Sera, re-breaks, traction, chemotherapy, torture.

And you would spread open your own breastbone
Looking for a warm heart that is completely unknowable,
(the adversary is alive in God’s stead.)

Slink with the alien abductor, (to know what they know.)
Fly on the Sabbath night (to see! to see!)
Find yourself in the gray bridal gown, stalking a misunderstood prisoner.

There is no charm, there grows no bane for the unnamed harmer.
The witch and the werewolf are called out of their night’s sleep
to fight for the crops, and the side of right, in Jesus’ army.

Just so, chronic pain is a molester during rest.
A woman may take canis lupus as a totem into her hands,
even as grip gives way in neurological deterioration:

The terror is living by choice.
Forcing a twisted limb into your chest should look like
transcendent reclusion, but it is merely how angels are modeled into statues.


Three

Rain continues to fall and I am
ashamed of my naiveté.

Let me give you the dead of winter:
ice sadly parts for the cold rain,
that later impishly freezes and grips.

Attend the blackbirds,
we can ignore them no longer.

See the wing print they leave
Sweeping into the garden--
angels of death without season.

Pitiless as the morning star, blackbirds
are the only living thing in the stiff January skies.
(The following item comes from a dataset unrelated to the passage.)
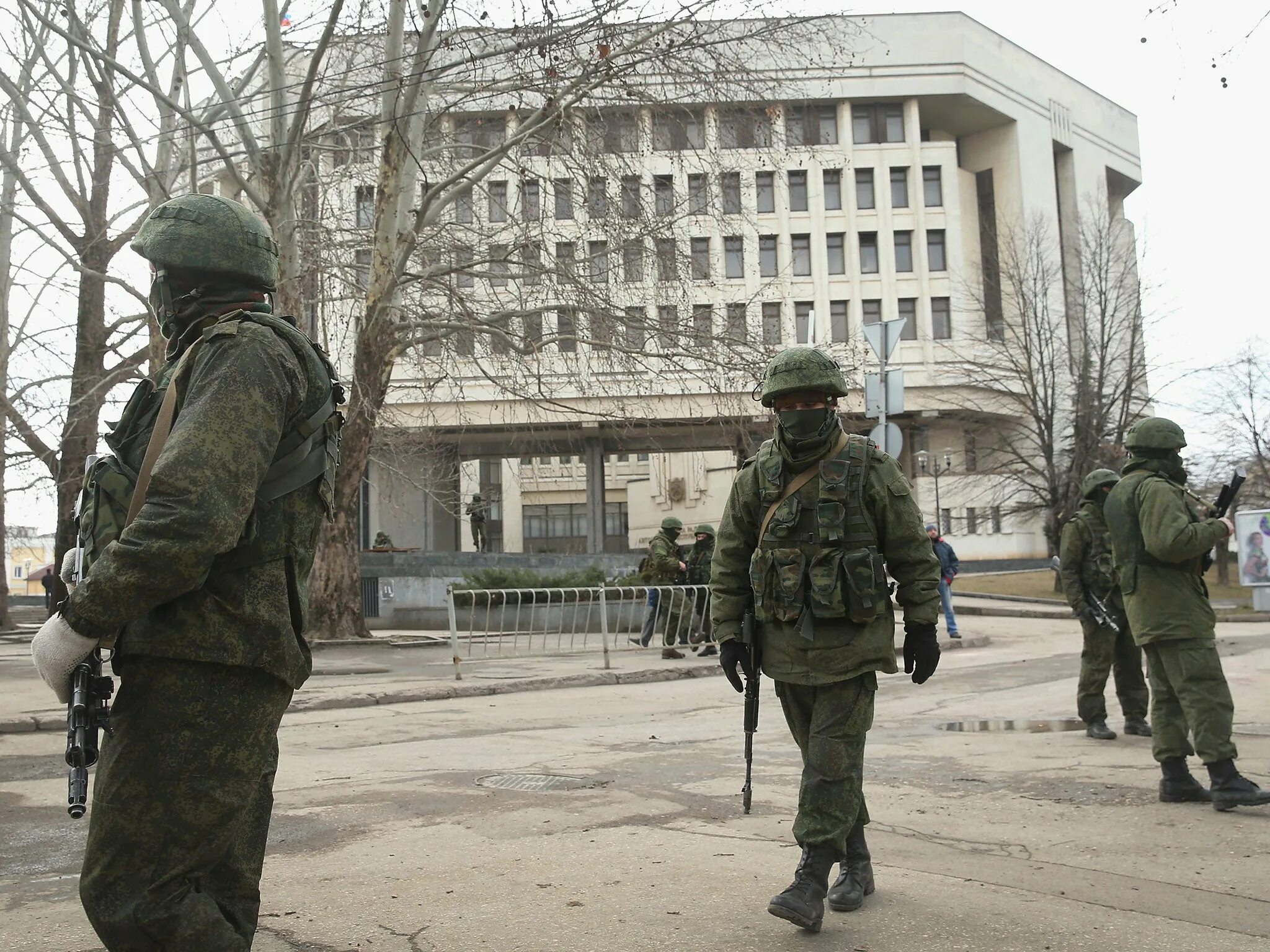 Вежливые люди в Крыму 2014. Захват Крыма. Взятие Крыма 2014. Захват Крыма вежливыми людьми. Захват крымской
Eating the old seeds, huddled under gusts,
They bark at dawn, skim low and
dawdle in the road.

The rain stops.
The blackbirds go on.


Coda

About things we make together:
children, opinions, a peaceful view
of falling birches beyond the patio door;

More often, I am agreeing with the dog.
When you are away, he waits by the door,
and howls his reprimand when you come home.

Come home. Even if it is to retrieve
a thing forgotten --
When you go, return.

1 comment:

curmudgeon said...

This passge:
Yesterday, you fell only twice. You said, “God!”
You said, “no, no, no,” and I am still surprised.


at first read I thought you were decribing the children of eighteen months, sixteen months, beginning to speak.

then today it hit me: the same words spill out after a careless fall or cut of the knife.

what makes you such a gifted artist is your ability to desribe both things (likely more) in tandem .

what assures me of your talent is that all the great important puffed up people who call themselves poets and take great pride in describing one particular thing in one particularly fashionable conceit could not begin to appreciate this gift let alone ape it.